Pela primeira vez, um perfume é feito a partir da inteligência artificial no mundo. Quem lançou esse desafio foi grupo paranaense O Boticário, maior varejista de cosméticos do país, que se associou à gigante de tecnologia IBM Research e à Sumryse, multinacional alemã desenvolvedora de fragrâncias.

Em duas versões, eles chegam ao mercado em meados de 2019, e ainda não têm nome nem preço definido. Todo o mistério faz parte da estratégia de marketing dos produtos, que miram o grupo de consumidores da geração Y ou millennials (os nascidos de 1980 a 1995).

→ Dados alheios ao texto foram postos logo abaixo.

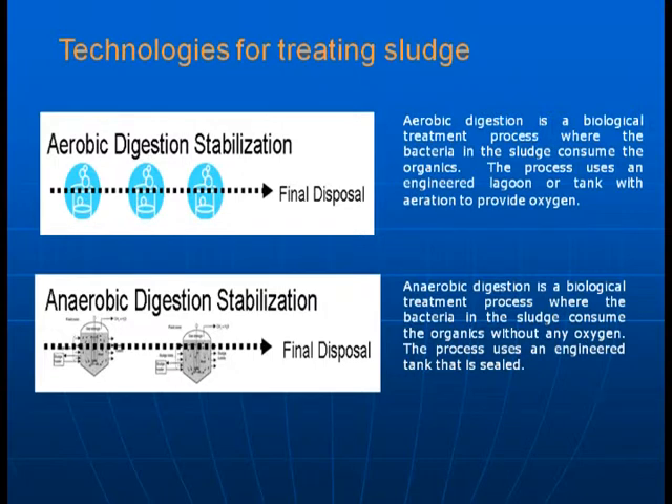The first technology is aerobic digestion — a biological treatment process where you allow the bacteria in the sludge to consume the organics. This process uses an engineered lagoon or a tank with aeration to provide oxygen. The second process is anaerobic stabilization, also a biological process where bacteria consume the sludge without any oxygen, using a sealed engineered tank. It is much more difficult to control, and if the tank is not well sealed, it produces a very significant odor — somewhat more complicated than aerobic digestion.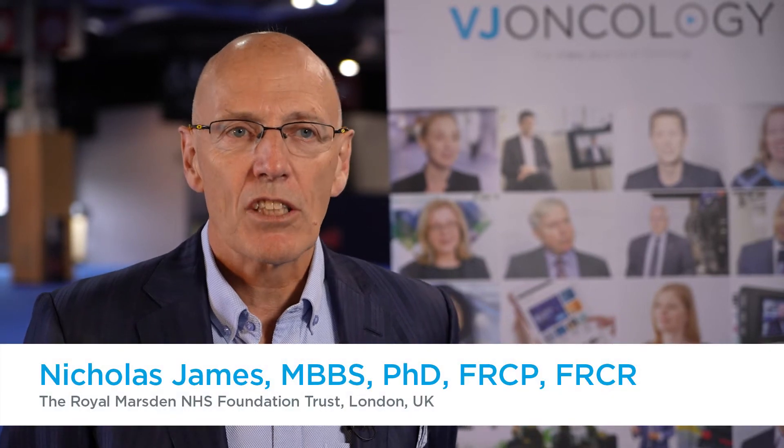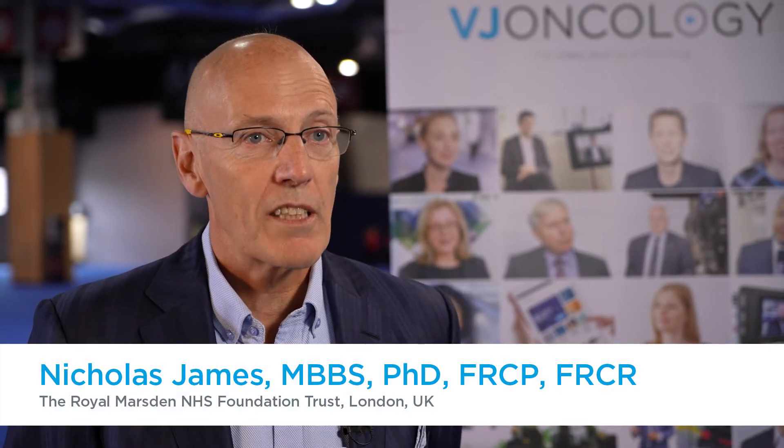Oligometastatic bladder cancer is actually a collection of a number of different things. Firstly, you have to separate out patients with synchronous oligometastatic disease — that's to say they present with up to three, four, or five metastases and an untreated primary and no prior treatment — from patients who've had prior surgery or radiotherapy and then relapse with oligometastatic disease.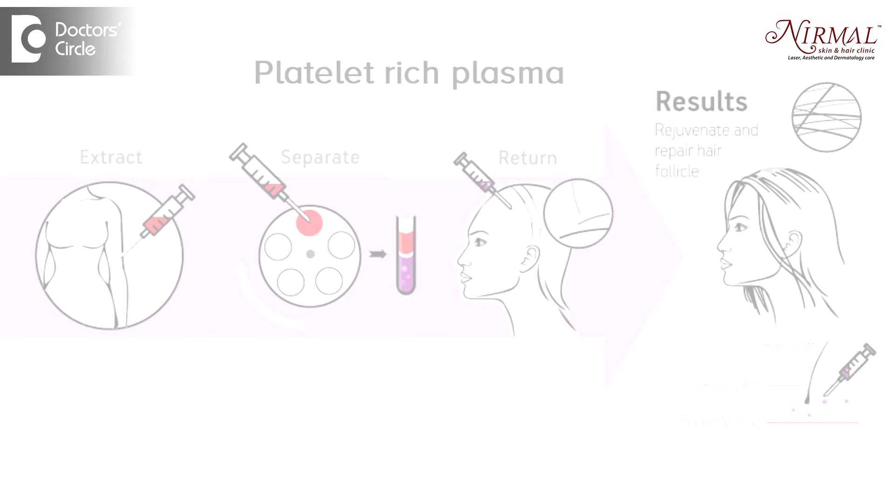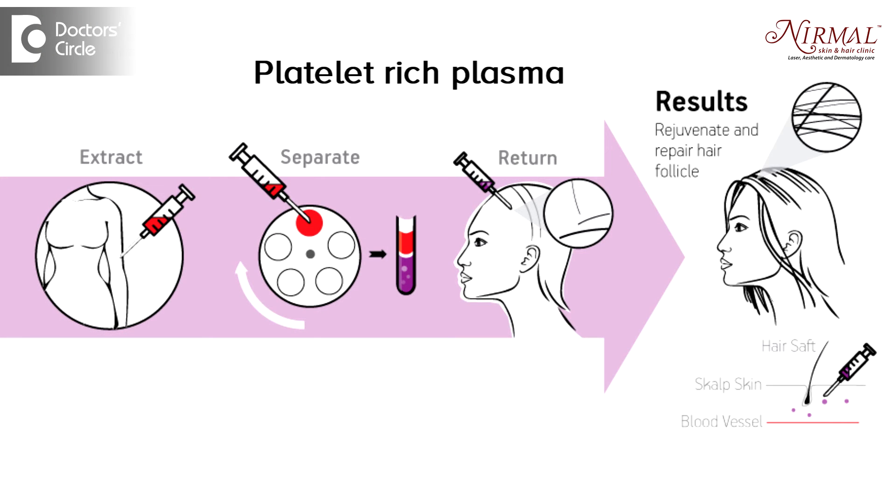Platelet-rich plasma is a treatment which is properly called a vampire lift, but this is not only used for facial rejuvenation but also for the hair. Platelets are rich in growth factors — as you know, platelets are cells in the blood. These platelets, which are loaded with growth factors, are separated from other blood cells and injected back into the skin, where they release growth factors and promote hair growth.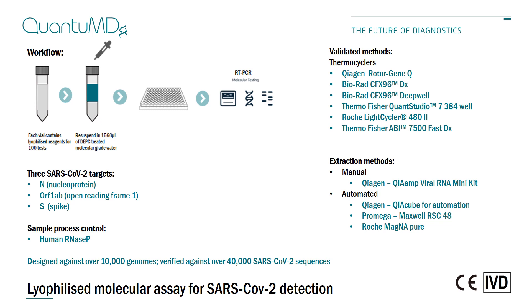The assay is CIVD marked and has been validated on a range of extraction and thermocycling systems. On the thermocycler side, it's validated against Qiagen's Rotor-Q, the Bio-Rad CFX-DX, as well as the Deepwell, the Thermo Fisher QuantStudio, Thermo Fisher ABI 7500, and Roche LightCycler 480. On the extraction side, we've verified against the manual QIAamp Viral RNA Mini Kit, and on automated systems the Qiagen QIAcube, Promega Maxwell, and Roche MagNA Pure.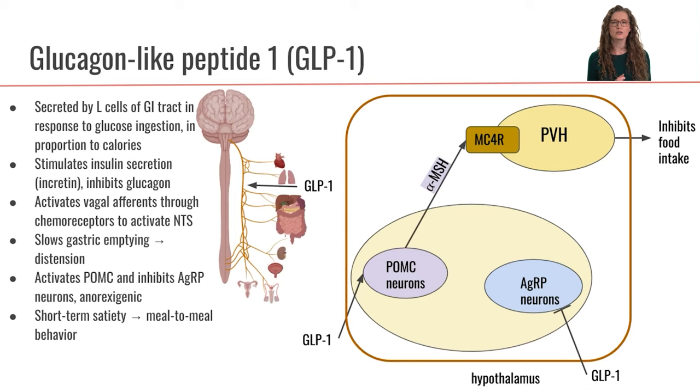Let's meet another hormone called glucagon-like peptide, or GLP-1. GLP-1 is secreted by L-cells in the GI tract and it will be secreted in response to glucose ingestion. The amount of GLP-1 that gets secreted is in proportion to the amount of calories that you are consuming.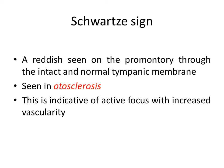Then Schwartze sign, sometimes also called the pink sign. A reddish hue or reddish coloration is seen on the promontory through an intact, normal tympanic membrane. It is seen in otosclerosis and is indicative of an active focus of otosclerosis with increased vascularity. It is seen in around 10 to 15 percent of patients with otosclerosis.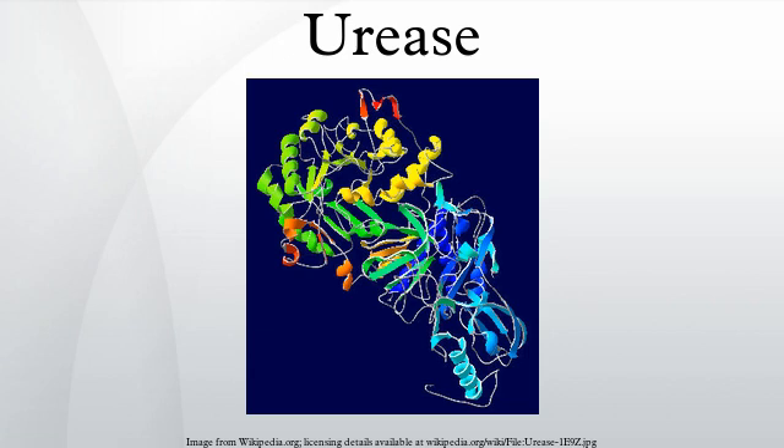In 1926, James B. Sumner, an assistant professor at Cornell University, showed that urease is a protein by examining its crystallized form. Sumner's work was the first demonstration that a pure protein can function as an enzyme, and led eventually to the recognition that most enzymes are in fact proteins.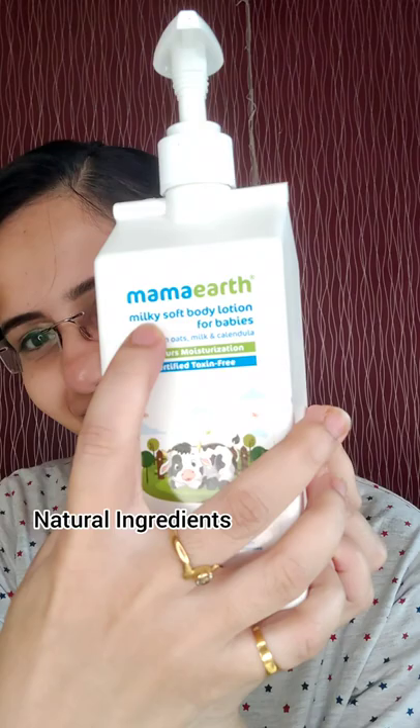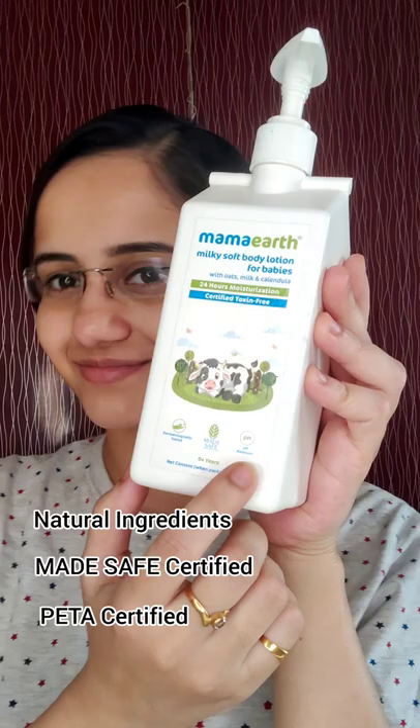It is made of natural ingredients and is Made Safe certified, which means no toxins. It is also PETA certified. It provides deep nourishment, leaving skin soft and supple, and also offers 24-hour moisturization.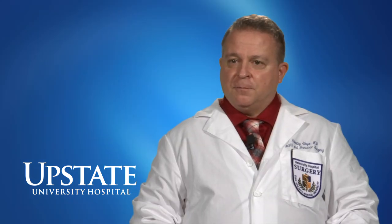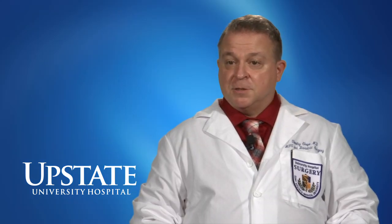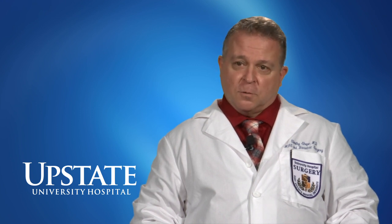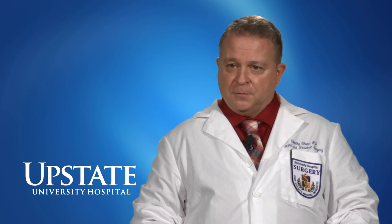The patients that we treat with minimally invasive surgery are basically any general surgery patient who would choose to or would be a candidate for having their surgery done through smaller incisions using cameras and monitors so that we can watch ourselves work. It provides for an enhanced recovery, quicker back-to-work time, quicker back to normal life, and less pain usually.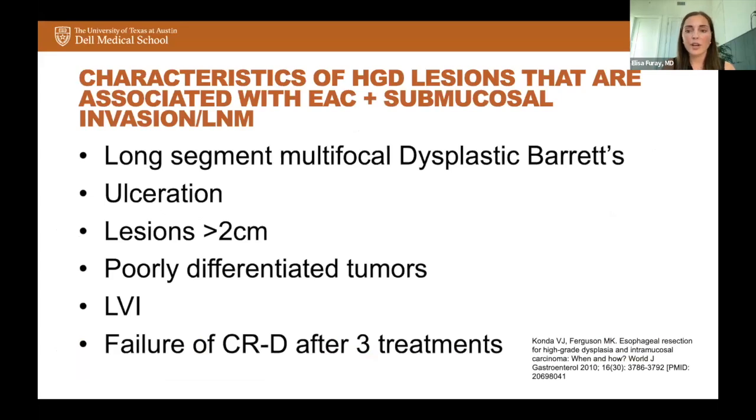A review article with Dr. Konda as one of the authors included a table of characteristics of high-grade dysplasia lesions associated with esophageal adenocarcinoma, submucosal invasion, and lymph node metastasis. These risk factors include: long segment multifocal dysplastic Barrett's, ulceration, lesions greater than 2 centimeters, poorly differentiated tumors, lymphovascular invasion, and failure to achieve eradication of dysplasia after three treatments. If you run across these characteristics, referring to a surgeon would be a good idea.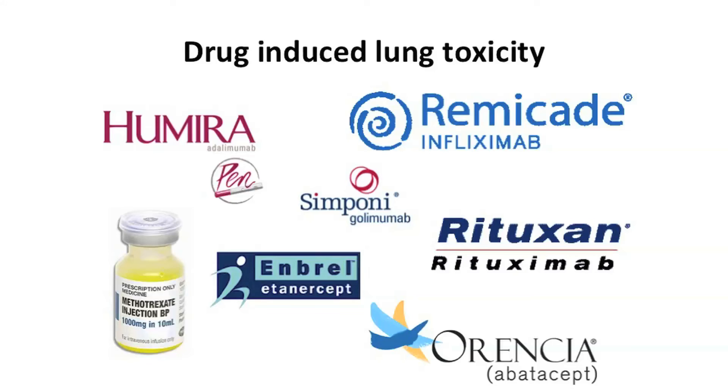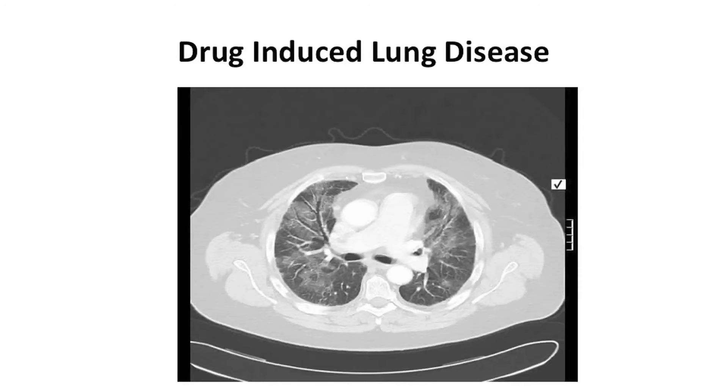And don't forget the drugs that we use — there are so many. The classic one being methotrexate. But all these biologics, these tumor necrosis factor inhibitors, will suppress your immune system. When you see this CT scan, common things are common — it looks like an infection of some kind, but it's not. It's a toxicity from the drugs used to treat your rheumatoid arthritis.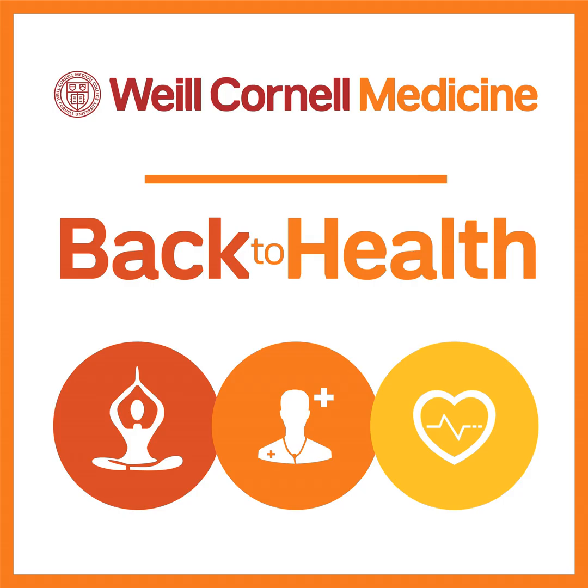Thank you so much, doctor, for joining us and sharing your incredible expertise today. Weill Cornell Medicine continues to see patients in person as well as through video visits, and you can be confident of the safety of your appointments at Weill Cornell Medicine. That concludes today's episode of Back to Health. We'd like to invite our audience to download, subscribe, rate, and review Back to Health on Apple Podcasts, Spotify, iHeart, and Pandora.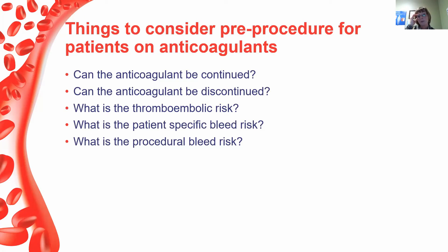When evaluating patients on anticoagulants pre-procedure, the key questions are: Can the anticoagulant be continued? Can it be discontinued? What if the patient had a new clot — can we actually stop it? What is the thromboembolic risk? What is the patient-specific bleed risk? And what is the procedural bleed risk? We go through this with every patient. There is no universal bridging protocol because every evaluation is individual, and circumstances can change from one period to the next.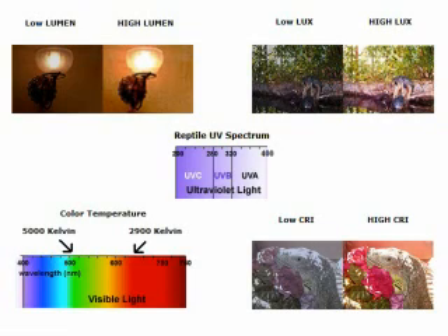Now on to the UV part of the spectrum. UVC is deadly to all living cells and is used in water purification lamps, which you should never use for your reptiles. The UVB part of the spectrum is one of the most important because that is where vitamin D3 is manufactured in their skin. And of course UVA is the fourth color that many reptiles can see.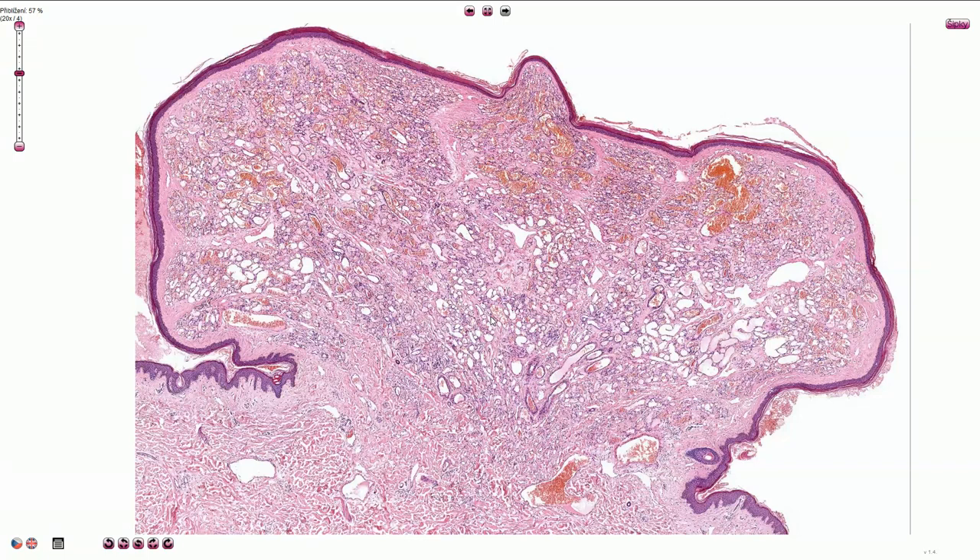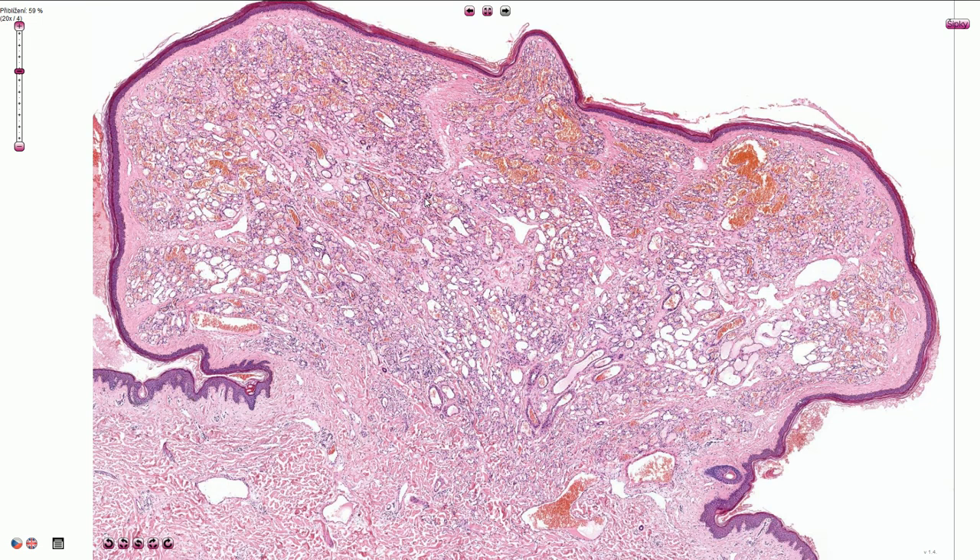This is capillary hemangioma of the skin, which is a benign vascular tumor composed of blood vessels lined by normal endothelial cells without cytomorphological atypia. Capillary hemangioma is composed of multiple thin-walled small capillaries, and it is usually a slightly exophytic lesion.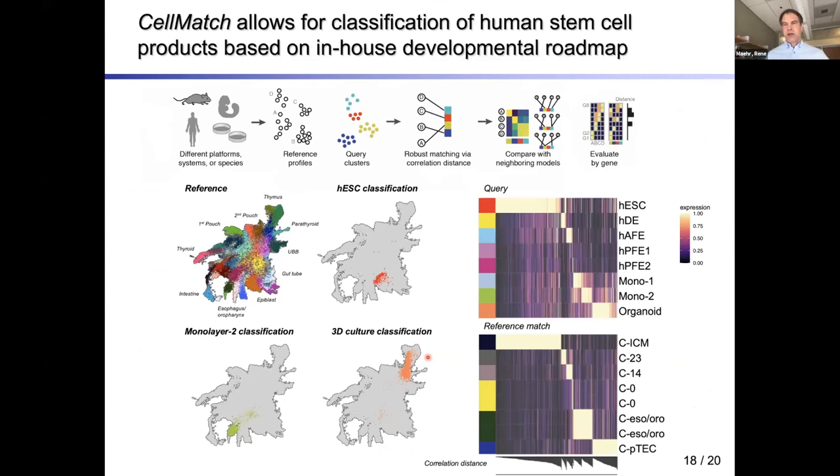Taking advantage of our machine learning computational tools, we developed a correlation-based classifier called CellMatch. This allows us to take the mouse reference and, cross-species and cross-platform, ask where human ES cells classify. We were pleased to see they classify in the inner cell mass cluster — the pluripotent equivalent in the mouse. The monolayer culture clustered toward esophagus or oropharynx, but the 3D culture highlighted thymic epithelial progenitors, which is very exciting and suggests we are on the right route.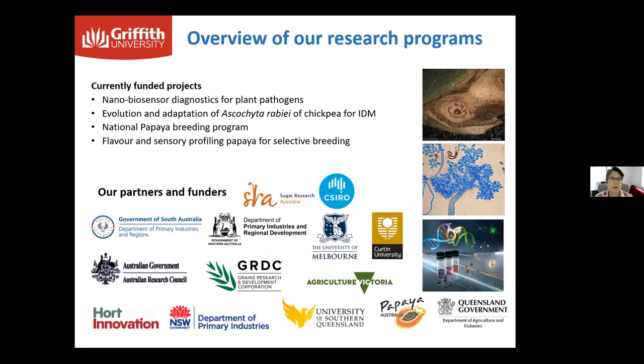The sorts of programs we generally work on — today I'll be talking about our biosensor development for diagnostics of plant pathogens, but we also do work on looking at the evolution and adaptation of fungal species. We lead the National Papaya Breeding Programme, which includes work on breeding for better quality and flavour, as well as some pathology in collaboration with the Queensland Department of Agriculture. Ido is also leading another program on flavour and sensory profiling and genomics work in papaya.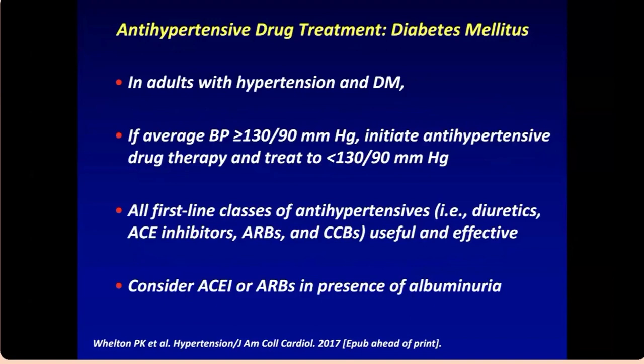For adults with hypertension and diabetes, initiate therapy if blood pressure is above 130. The first line I recommend is an ARB, then consider adding a calcium channel blocker or diuretic. If the patient has proteinuria, ACE inhibitors or ARBs are particularly indicated because they are renally protective.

Para chegar às novas formulações, o sistema Phylira foi previamente alimentado com milhões de dados referentes a fórmulas, ingredientes, história da perfumaria e taxas de aceitação do consumidor. Com a precisão e capacidade de processamento que só um “cérebro artificial” é capaz de entregar, Phylira buscou e cruzou os dados que mais se aproximavam ao que O Boticário queria.

O resultado foram duas combinações de fragrâncias que levavam um pouco de frutas, flores, doces, especiarias, madeiras e até notas inusitadas, como pepino e leite condensado. Como o Phylira não tem limitação de combinações, pode usar ingredientes que às vezes passam despercebidos por um perfumista por serem muito incomuns.

Outra surpresa foi a redução do tempo de desenvolvimento dos novos produtos, que ocorreu em apenas seis meses, enquanto um processo convencional pode demorar até três anos, em grande medida devido às centenas de repetições de combinações para testes olfativos.